The last piece of the puzzle, though, is actually coming together: Astra is learning how to use your Android phone. Bibo Xiu, a product manager on the DeepMind team, showed me a demo in which she pointed her phone camera at a pair of Sony headphones, and asked which ones they were. Astra said it was either the WH-1000XM4 or the WH-1000XM3 (and honestly, how could anyone or anything be expected to know the difference), and Xiu asked Astra to find the manual, then to explain how to pair them with her phone. After Astra explained, Xiu interrupted: “Can you go ahead and open Settings and just pair the headphones for me, please?” All by itself, Astra did just that.
The process wasn’t perfectly seamless — Xiu had to manually turn on a feature that allowed Astra to see her phone’s screen. The team is still working on making that happen automatically, she says, “but that’s the goal, that it can understand what it can and cannot see at the moment.” This kind of automated device use is the same thing Apple is working toward with its next-generation Siri, and both companies imagine an assistant that can navigate apps, tweak settings, respond to messages, and even play games without you needing to touch the screen. It’s an incredibly hard thing to build, of course: Xiu’s demo was impressive, and was about as simple a task as you can imagine. But Astra is making progress.
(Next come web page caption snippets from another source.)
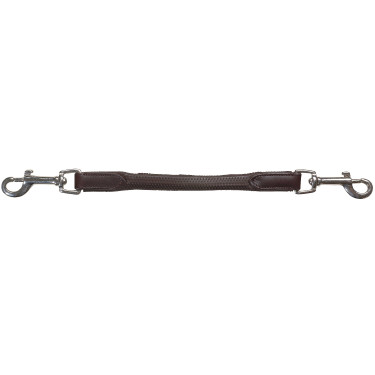 Pega de sela Riding World Supergrip Pega de sela Riding World Supergrip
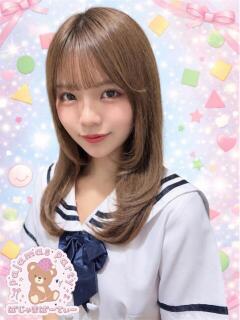 わかな ぱじゃまぱーてぃー（池袋/おっパブ・セクキャバ）
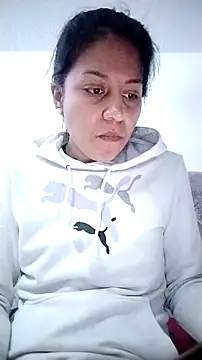 Tiphanydirty3 online show from 02-04-26, 02:06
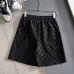 Gucci Pants for Gucci short Pants for men #A62365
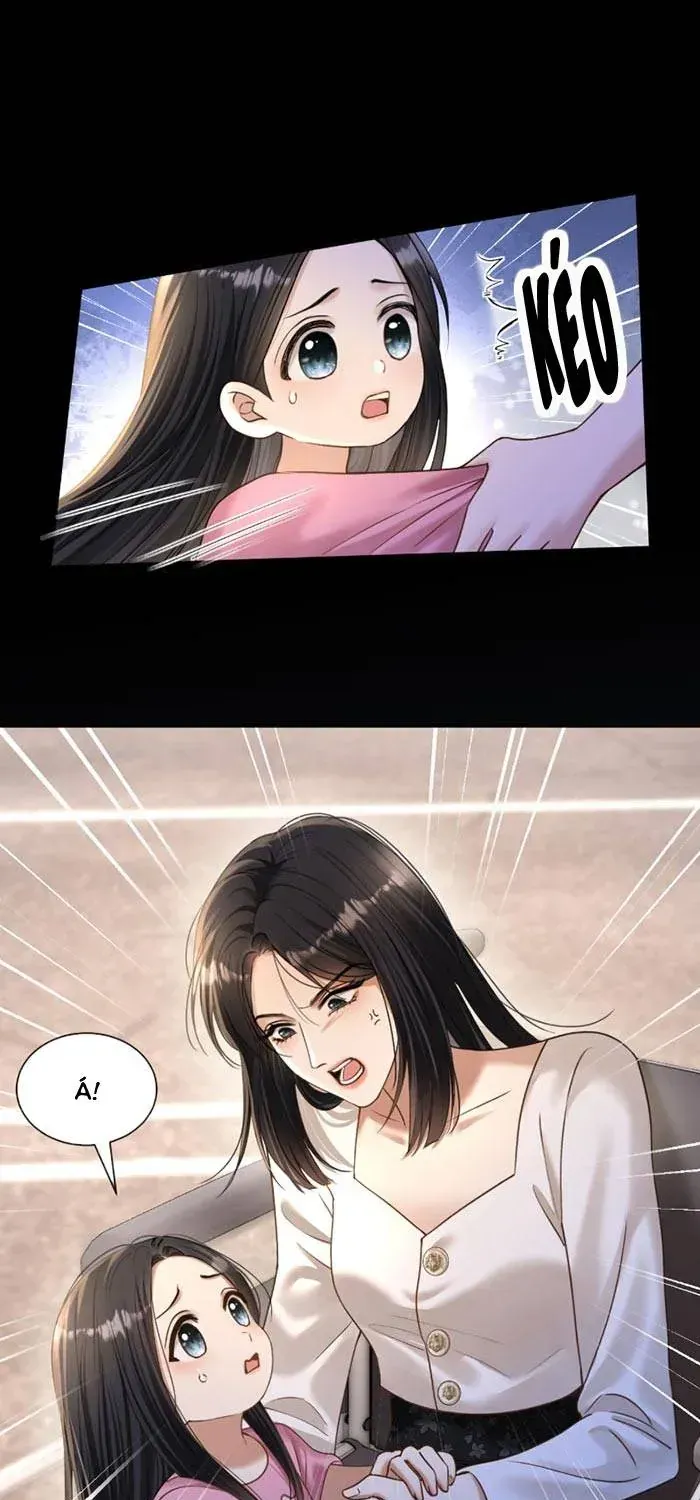 Em Là Tất Cả Tinh Tú Của Anh Chap 67 - Next Chap 68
Right now, most so-called “agentic AI” doesn’t work very well, or at all. Even in the best-case scenario, it still requires you to do a lot of the lifting: you have to prompt the system at every turn, supply all the additional context and information the app needs, and make sure everything’s going smoothly. Google’s goal is to begin to remove all that work, step by step. It wants Astra to know when it’s needed, to know what to do, to know how to do it, and to know where to find what it needs to get it done. Every part of that will require technological breakthroughs, most of which nobody has made yet. Then there will be complicated user interface problems, privacy questions, and more issues besides.
If Google or anyone is going to build a truly universal AI assistant, though, it will have to get this stuff right. “It’s another level of intelligence required to be able to achieve it,” Hassabis says. “But if you can, it will feel categorically different to today’s systems. I think a universal assistant has to have it to be really useful.”